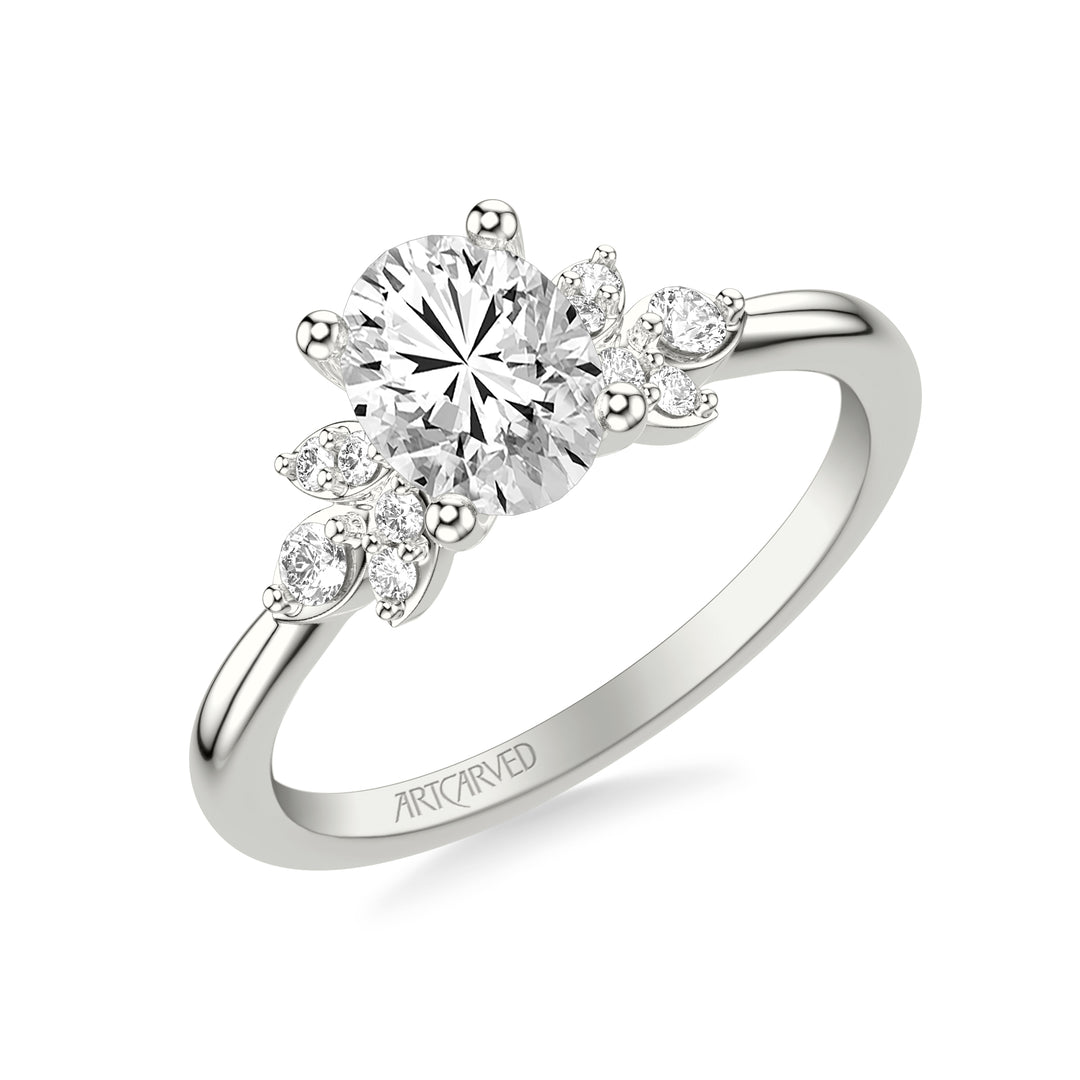 Floral Engagement Ring with Three Diamond Petals and Polished Shank.  Center Stone is not included.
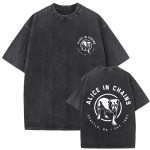 Pestud Vintage Rockib&auml;ndi Alice in Chains Graafilised T-s&auml;rgid Mehed Naised R&otilde;ivad Retro Gooti Punk T-s&auml;rk Mehelik &Uuml;le suuruse T&auml;navar&otilde;ivad M black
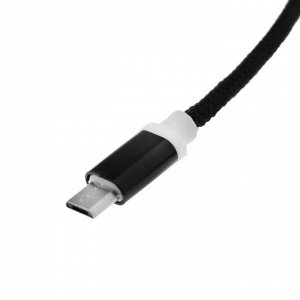 Кабель 2 в 1 LuazON, microUSB/Lightning - USB, 1 А, в виде брелка, черный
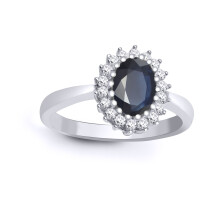 (V) Jewelco London 9ct White Gold H I2 0.23ct Diamond and Oval Blue 1.1ct Sapphire Classic Royal Cluster Ring 11mm - 9R431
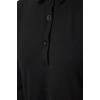 Fashion Style Fitted Shirt Collar Long Hijab Skirt Flounce Button Detailed Knitted Dress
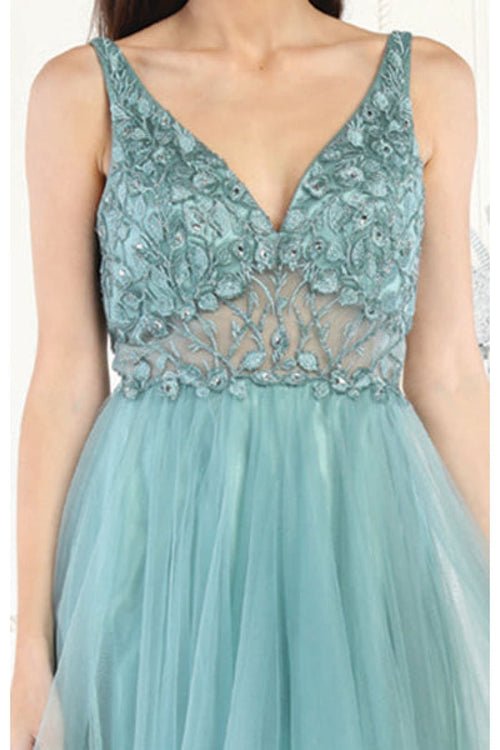 Embroidered A-line Prom Dress Sleeveless V-Neck Evening gown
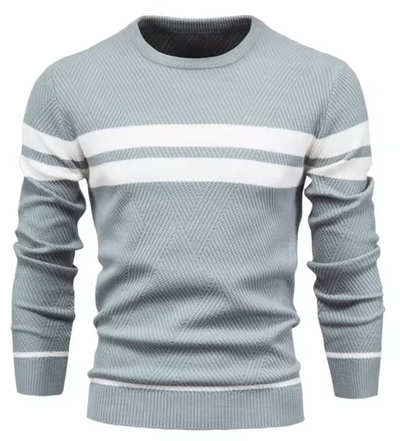 Sophisticated Herringbone Pattern Men's Sweater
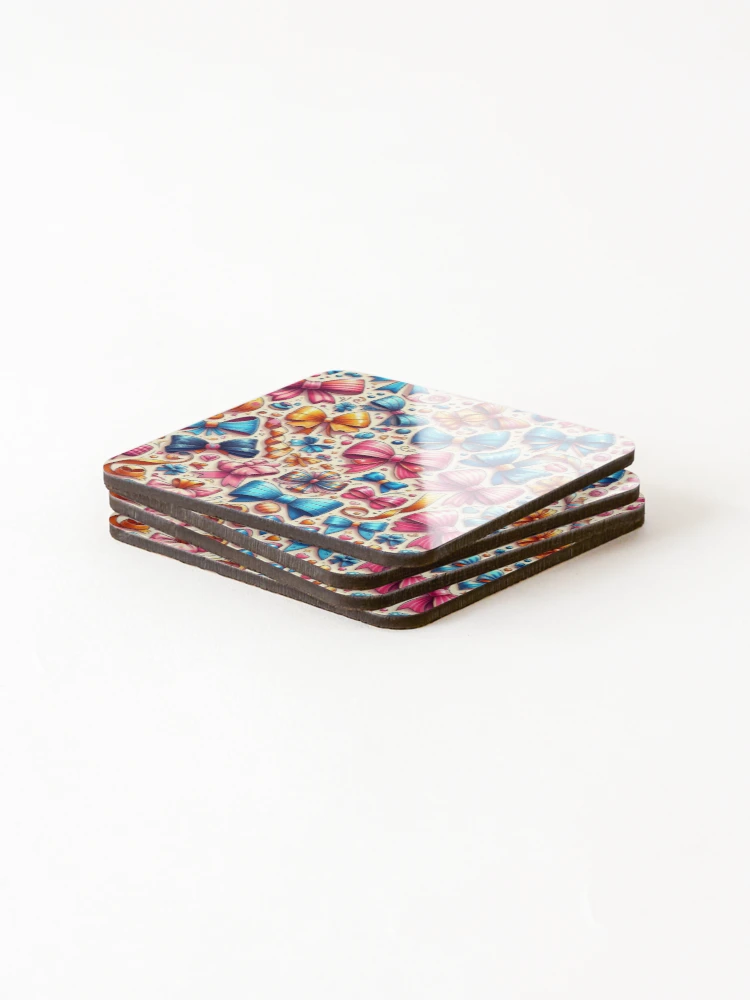 Thumbnail 4 of 5, Coasters (Set of 4), Festive Flair: Colorful Ribbons Pattern designed and sold by Rui Fernandes.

Try it: Could the entries above be returned verbatim, with no pictures included?

Output for this task:
 Floral Engagement Ring with Three Diamond Petals and Polished Shank.  Center Stone is not included.
 Pestud Vintage Rockib&auml;ndi Alice in Chains Graafilised T-s&auml;rgid Mehed Naised R&otilde;ivad Retro Gooti Punk T-s&auml;rk Mehelik &Uuml;le suuruse T&auml;navar&otilde;ivad M black
 Кабель 2 в 1 LuazON, microUSB/Lightning - USB, 1 А, в виде брелка, черный
 (V) Jewelco London 9ct White Gold H I2 0.23ct Diamond and Oval Blue 1.1ct Sapphire Classic Royal Cluster Ring 11mm - 9R431
 Fashion Style Fitted Shirt Collar Long Hijab Skirt Flounce Button Detailed Knitted Dress
 Embroidered A-line Prom Dress Sleeveless V-Neck Evening gown
 Sophisticated Herringbone Pattern Men's Sweater
 Thumbnail 4 of 5, Coasters (Set of 4), Festive Flair: Colorful Ribbons Pattern designed and sold by Rui Fernandes.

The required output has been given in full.